EXCERPTED DATA:
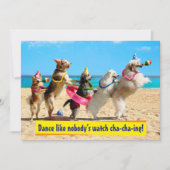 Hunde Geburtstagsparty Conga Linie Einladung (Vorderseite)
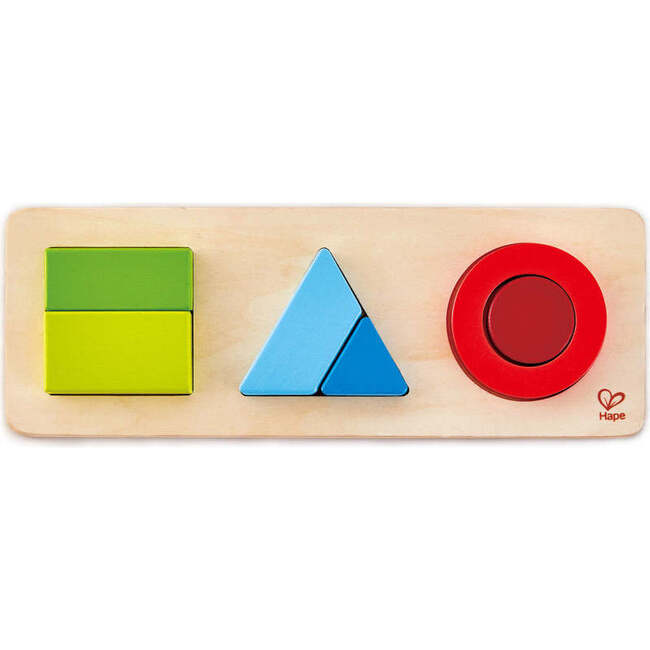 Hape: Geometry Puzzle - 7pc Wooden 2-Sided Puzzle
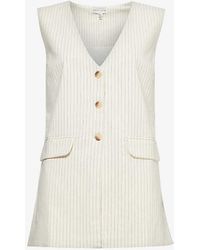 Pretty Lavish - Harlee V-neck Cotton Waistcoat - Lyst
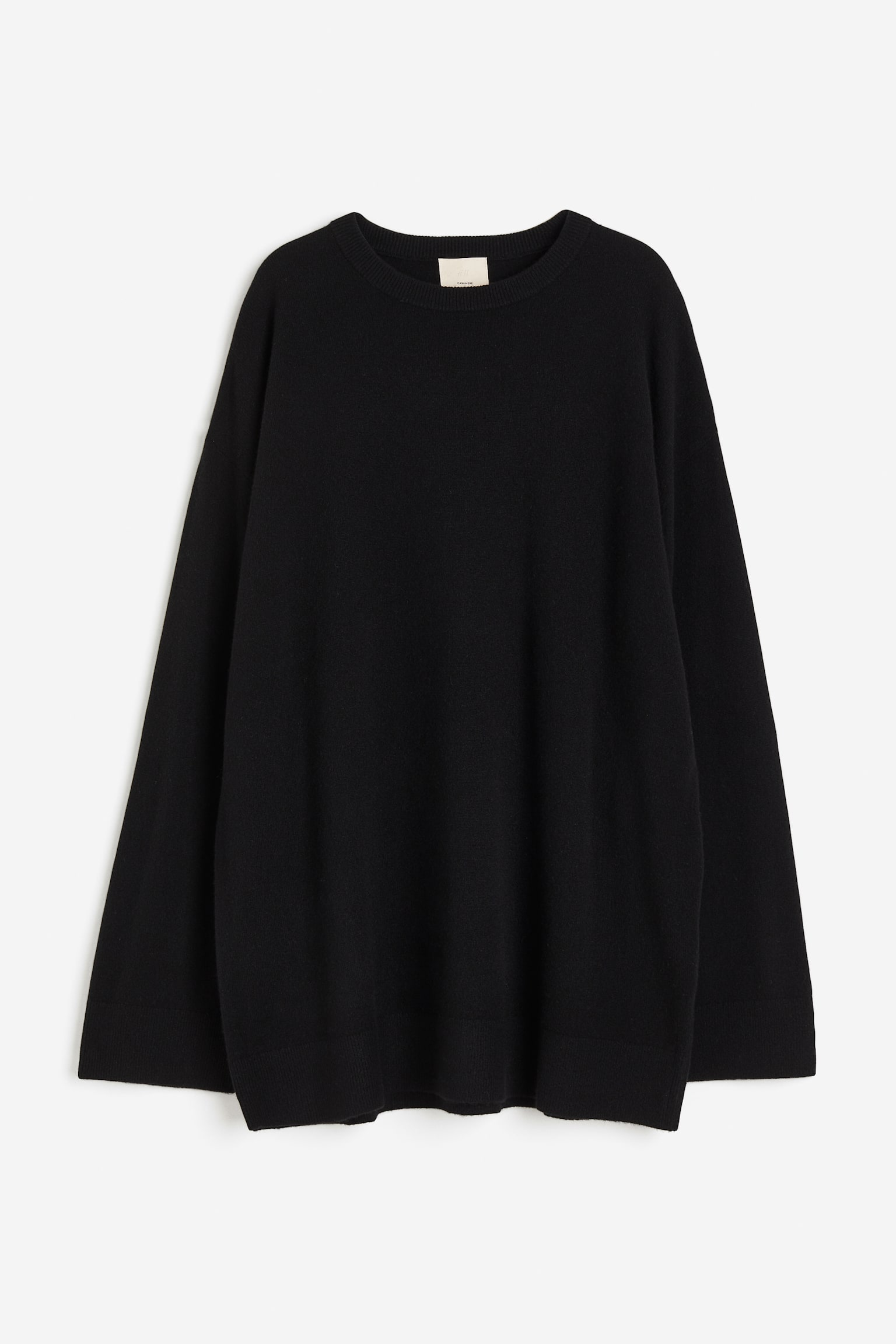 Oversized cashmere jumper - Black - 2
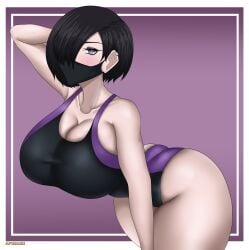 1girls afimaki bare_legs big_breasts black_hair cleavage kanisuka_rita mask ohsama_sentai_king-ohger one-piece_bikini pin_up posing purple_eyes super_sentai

--

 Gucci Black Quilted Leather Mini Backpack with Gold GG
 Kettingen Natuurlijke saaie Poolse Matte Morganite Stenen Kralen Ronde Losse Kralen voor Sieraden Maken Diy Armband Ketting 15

* * *

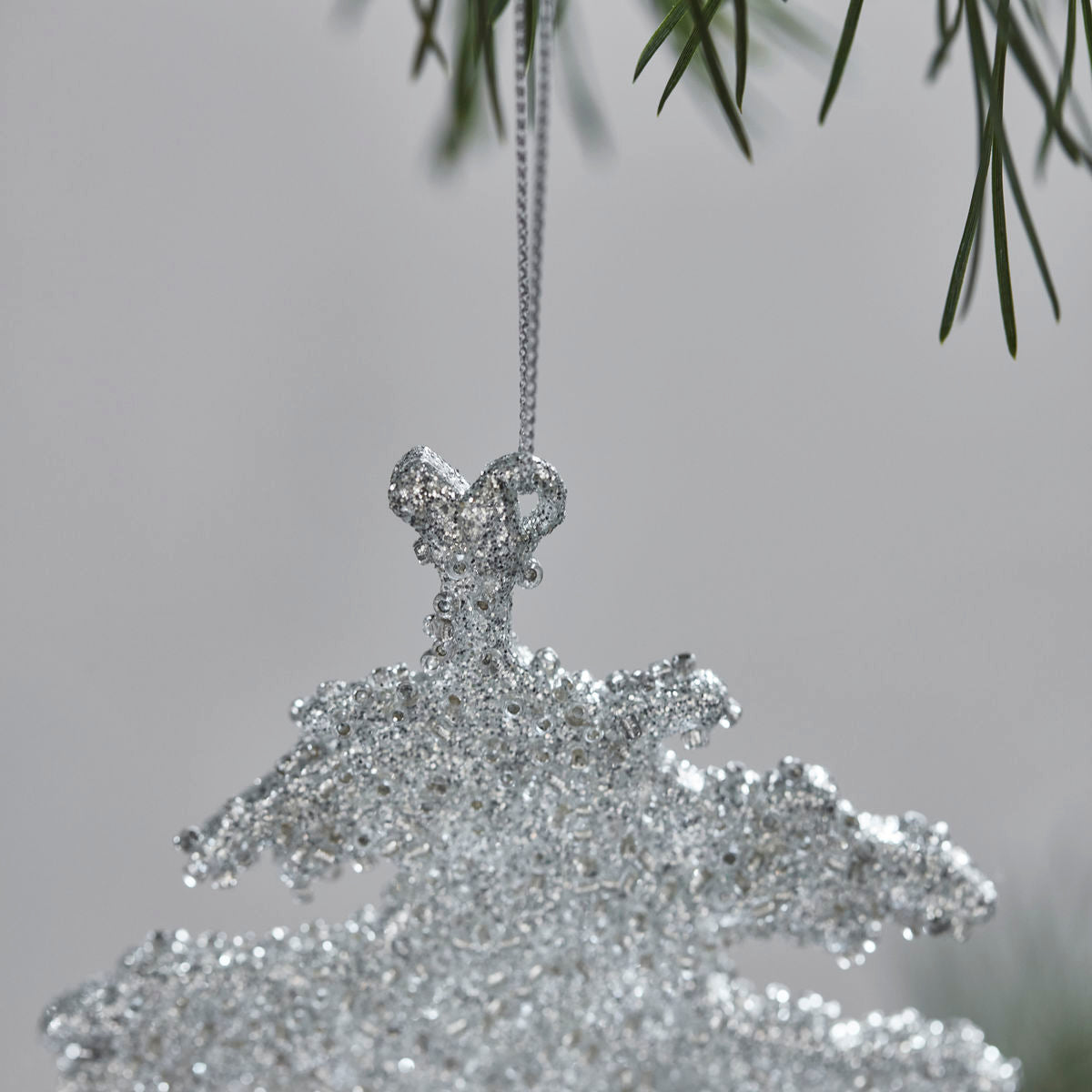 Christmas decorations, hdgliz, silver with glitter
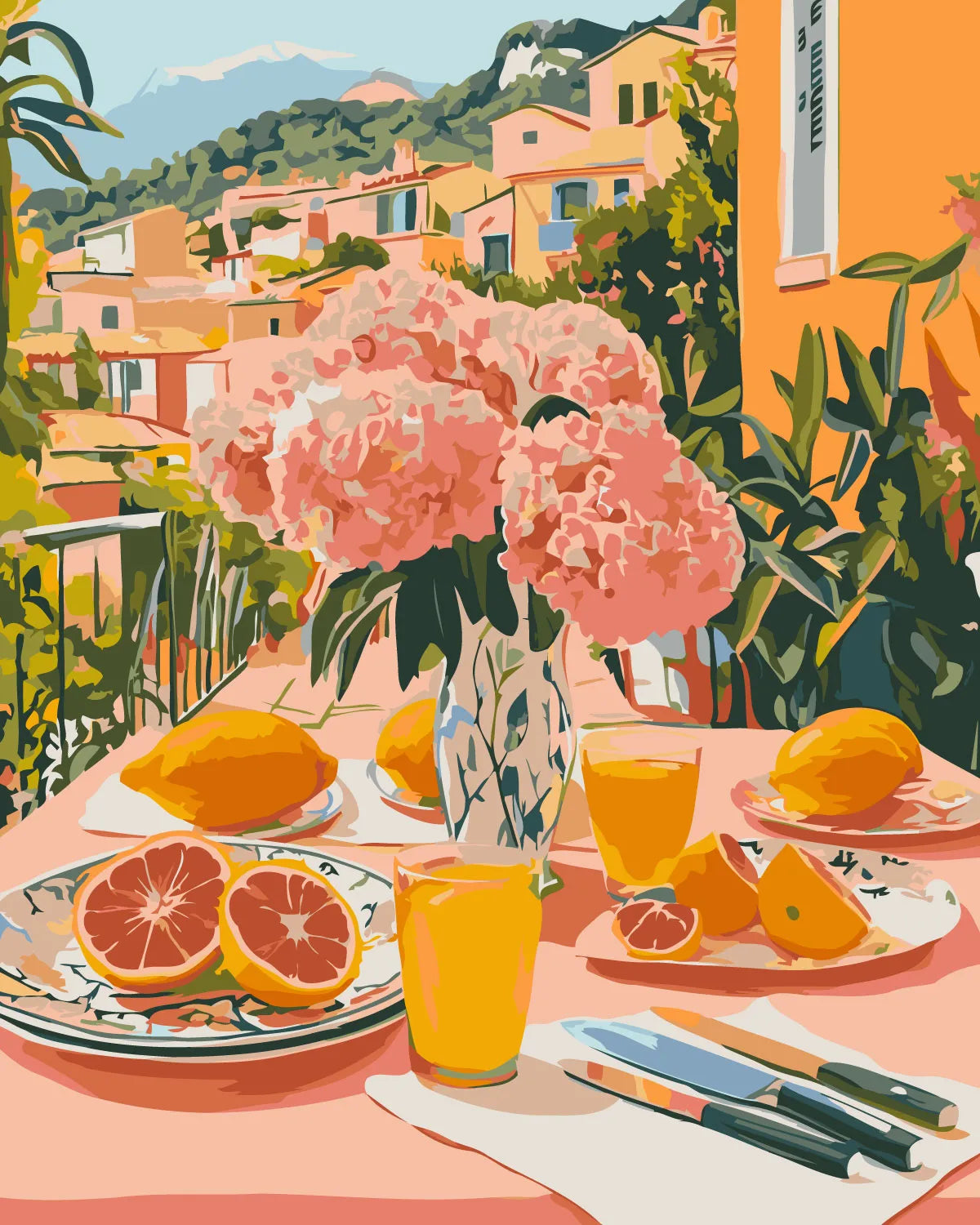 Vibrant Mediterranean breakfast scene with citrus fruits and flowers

YOUR GOAL:
From the data above, return only the lines starting at the line that holds "Pretty Lavish - Harlee" and ending at the line that holds "1girls afimaki bare_legs", word for word and without pictures.

FINISHED TASK:
 Pretty Lavish - Harlee V-neck Cotton Waistcoat - Lyst
 Oversized cashmere jumper - Black - 2
 1girls afimaki bare_legs big_breasts black_hair cleavage kanisuka_rita mask ohsama_sentai_king-ohger one-piece_bikini pin_up posing purple_eyes super_sentai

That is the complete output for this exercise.